▸ **Problem to solve**
Once the line holding "2025 Honda Dax 125" appears, repeat it and each line after it to the end of the data, exactly and with nothing else; pictures stay out.

(Short web captions)
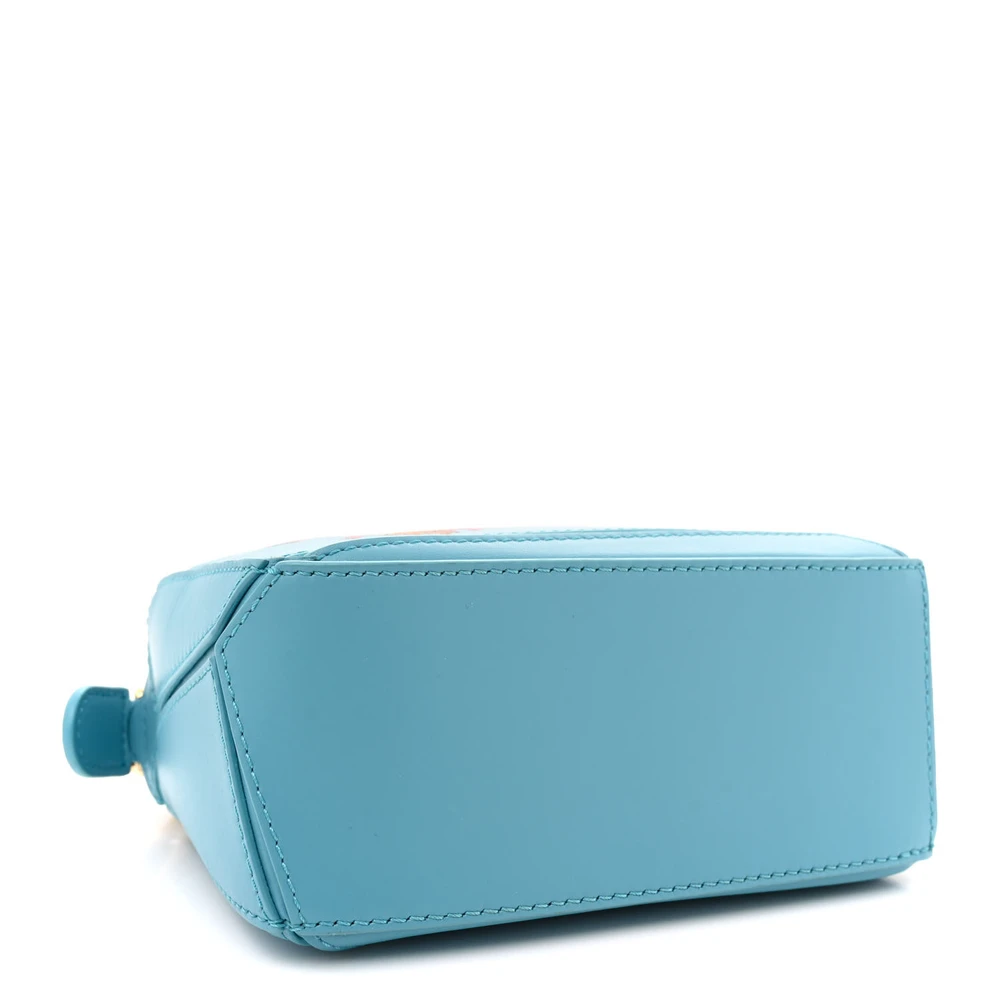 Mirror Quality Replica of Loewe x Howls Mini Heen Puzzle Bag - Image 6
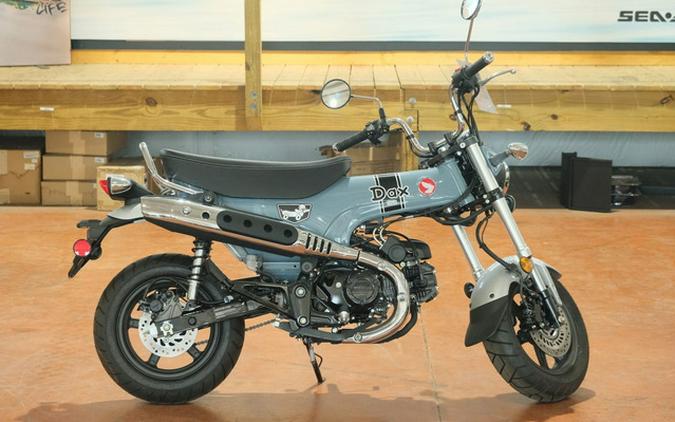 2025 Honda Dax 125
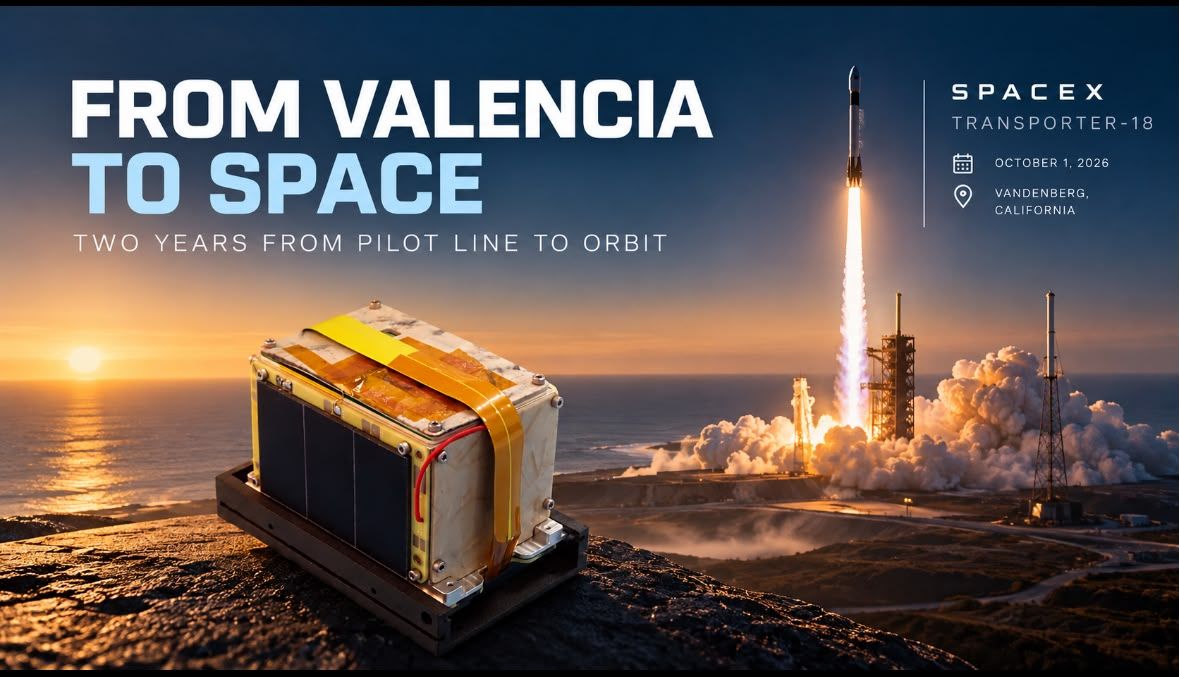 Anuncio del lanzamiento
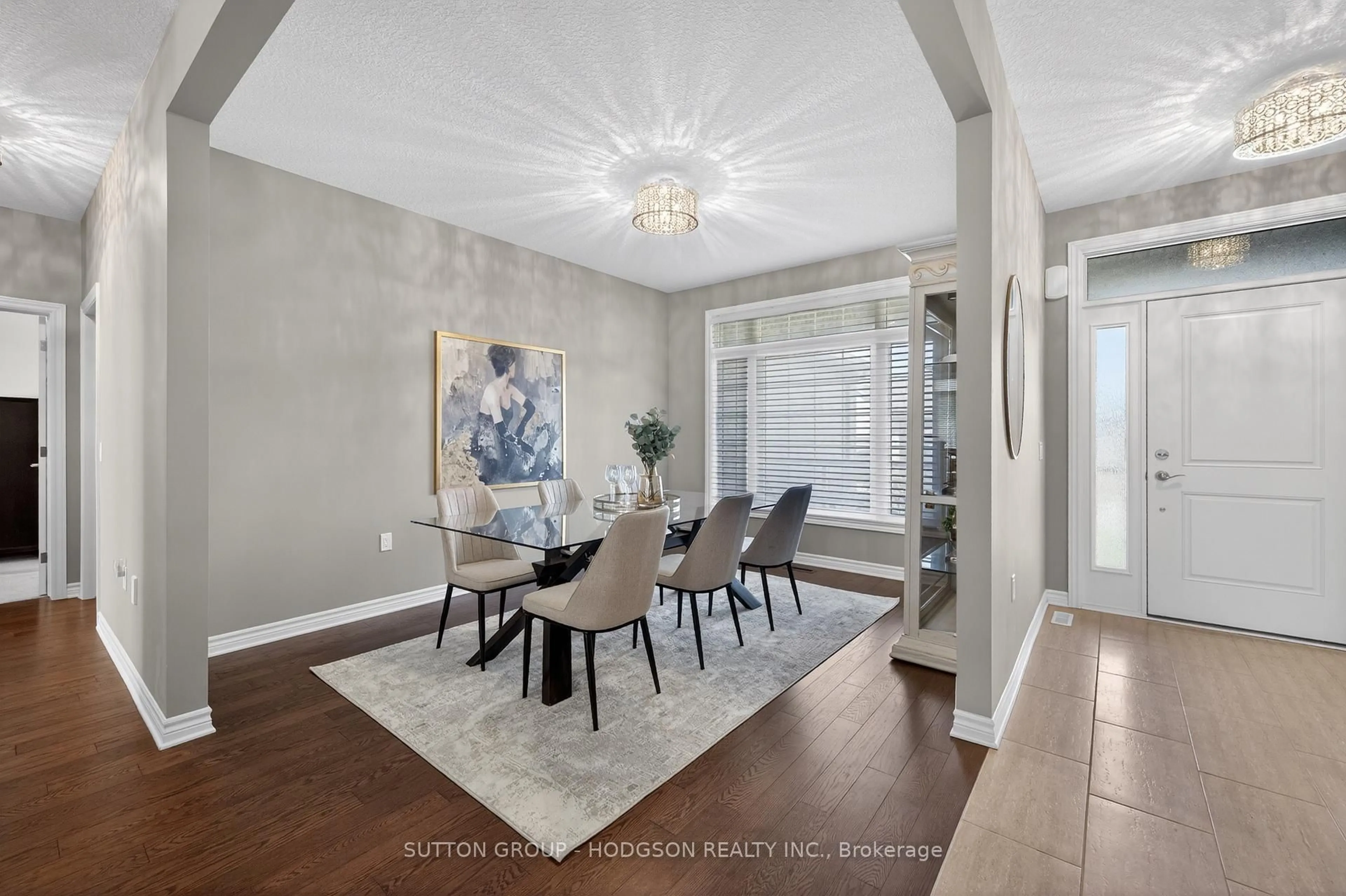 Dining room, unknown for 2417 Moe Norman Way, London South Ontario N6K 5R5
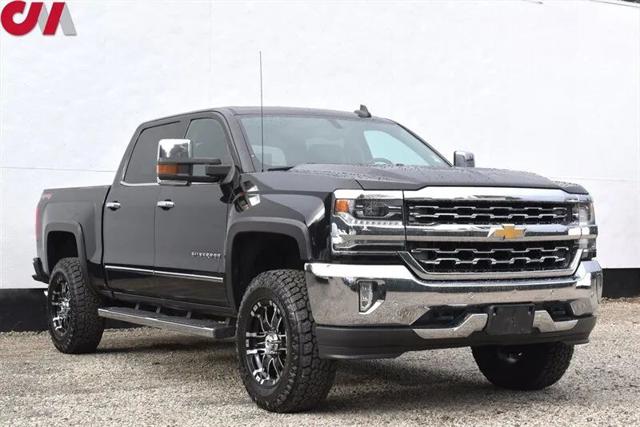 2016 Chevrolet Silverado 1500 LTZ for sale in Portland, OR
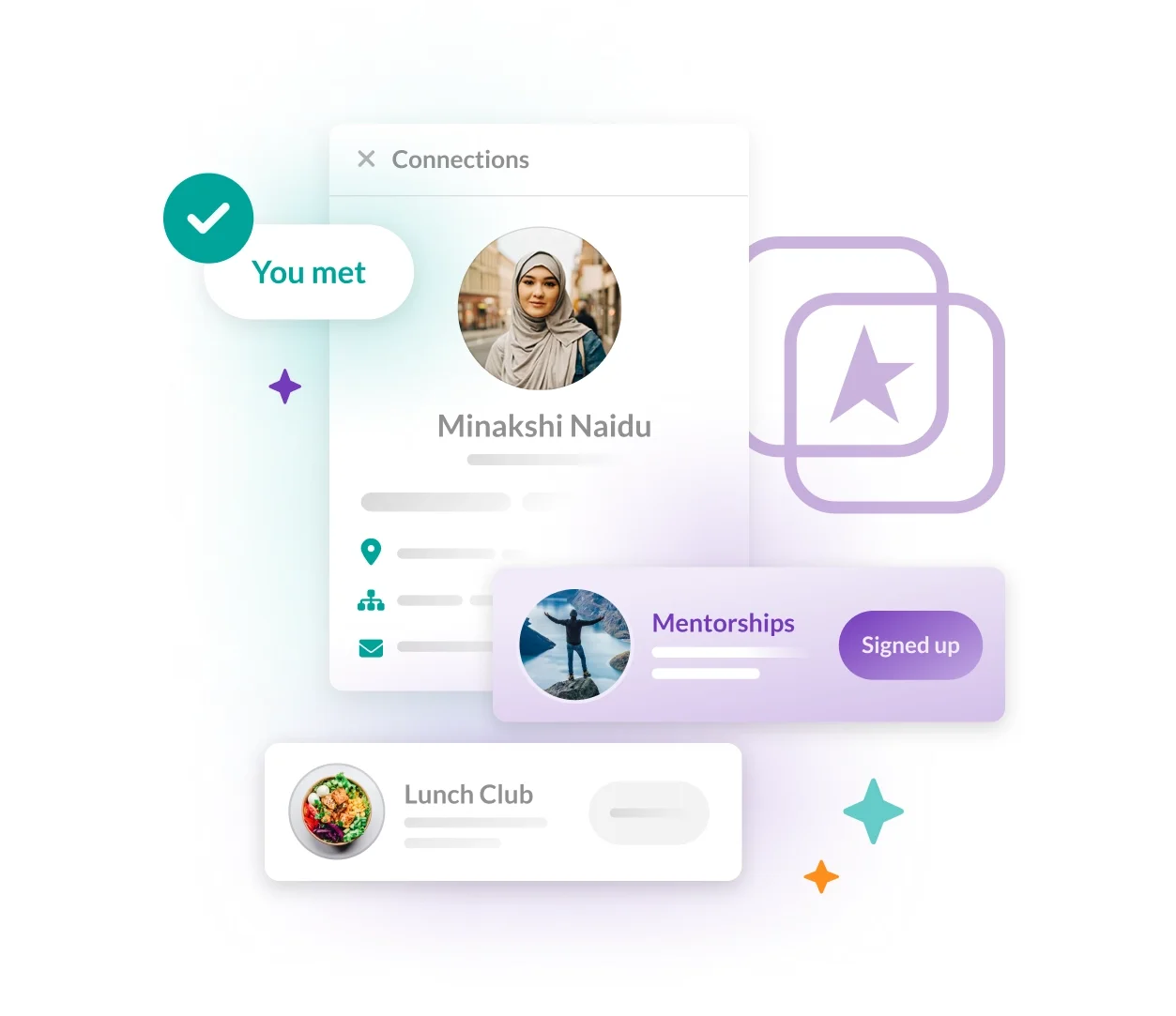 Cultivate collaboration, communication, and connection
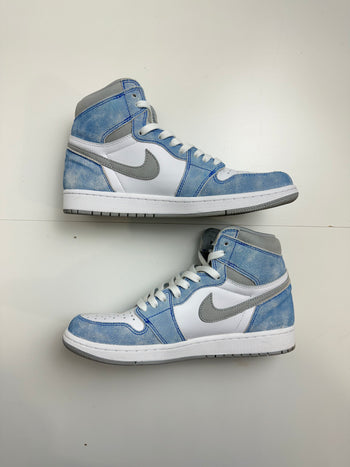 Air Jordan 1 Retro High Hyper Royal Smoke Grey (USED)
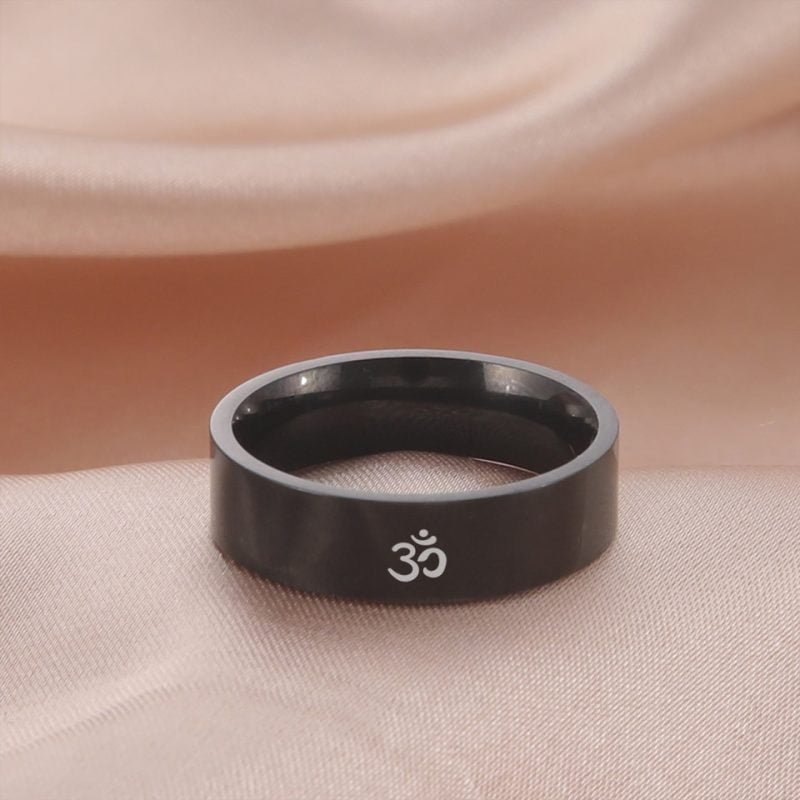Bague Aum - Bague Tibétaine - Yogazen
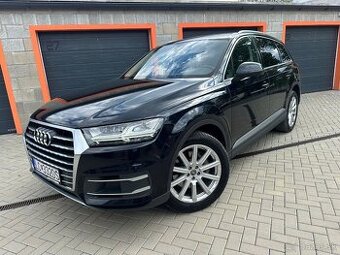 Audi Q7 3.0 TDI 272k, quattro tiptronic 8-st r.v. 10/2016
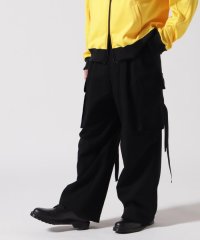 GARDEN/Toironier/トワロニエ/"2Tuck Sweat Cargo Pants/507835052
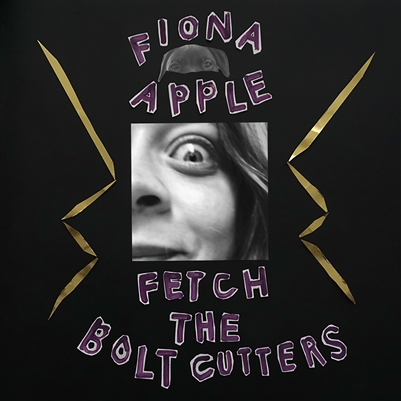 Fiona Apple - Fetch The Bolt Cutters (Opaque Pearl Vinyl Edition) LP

▸ **Result of the task**
 2025 Honda Dax 125
 Anuncio del lanzamiento
 Dining room, unknown for 2417 Moe Norman Way, London South Ontario N6K 5R5
 2016 Chevrolet Silverado 1500 LTZ for sale in Portland, OR
 Cultivate collaboration, communication, and connection
 Air Jordan 1 Retro High Hyper Royal Smoke Grey (USED)
Bague Aum - Bague Tibétaine - Yogazen
 Audi Q7 3.0 TDI 272k, quattro tiptronic 8-st r.v. 10/2016
 GARDEN/Toironier/トワロニエ/"2Tuck Sweat Cargo Pants/507835052
 Fiona Apple - Fetch The Bolt Cutters (Opaque Pearl Vinyl Edition) LP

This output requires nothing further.